Collaboration is the foundation on which the Wildfire Collective was built. As we’ve watched the profits of seasoned, professional farmers continue to dwindle in an era of commercial agriculture, cannabis has ushered in an industry ripe with possibility. Across Ontario and Canada, farmers are looking for new opportunities and rural areas, in particular, are in pursuit of economic development. Small towns that were previously devastated by industry moving off-shore or mega-corporations wiping out the independently-owned shops on main streets are now welcoming the legal cannabis industry and sharing in the benefits.

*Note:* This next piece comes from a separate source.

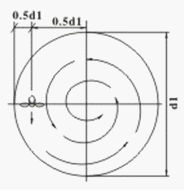 QJB型潛水?dāng)嚢铏C(jī)圓形池安裝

Already, the Collective counts four farms that span across Ontario, from the shores of Lake Huron to the Ottawa Valley. In addition to our headquarters in the valley outside of Canada’s capital city, we have farms in Lambton, Glencoe and Lanark. With plans to gradually scale each site to maintain the small-batch quality, the Collective will look to double the number of partner farms in the next four years to meet the demand for exceptional and sustainable cannabis in Canada.
While consumers in more mature markets like California have had the opportunity to experience the difference in terroir – the effects of the environment on the plant and finished product – from one region to another, Canadians largely have not. What does a pink kush grown on the lush Vancouver Island taste like compared to the red earth of PEI? Canada has many different microclimates and some of the richest soil on earth. Much like a CSA program, it is nice to know your farmer and support local business.
Set in the heart of the beautiful Ottawa Valley, our Renfrew farm is our headquarters, tucked away on 130 acres, with 40 of them being exceptional highly productive organic farmland. The well-draining sandy loam soil is ideal for cannabis and isn’t contaminated by pesticides or herbicides like most of Canada’s desirable conventionally-farmed land.
“We spent a considerable amount of time carefully selecting a site that had the potential to produce exceptional, organic cannabis. Ensuring we had the support of the municipality was another essential criteria,” said Spear. “This location will be our first wholly-owned site in operation, and we can’t wait to get a crop in the ground next spring and our products into the hands of consumers late in the year.”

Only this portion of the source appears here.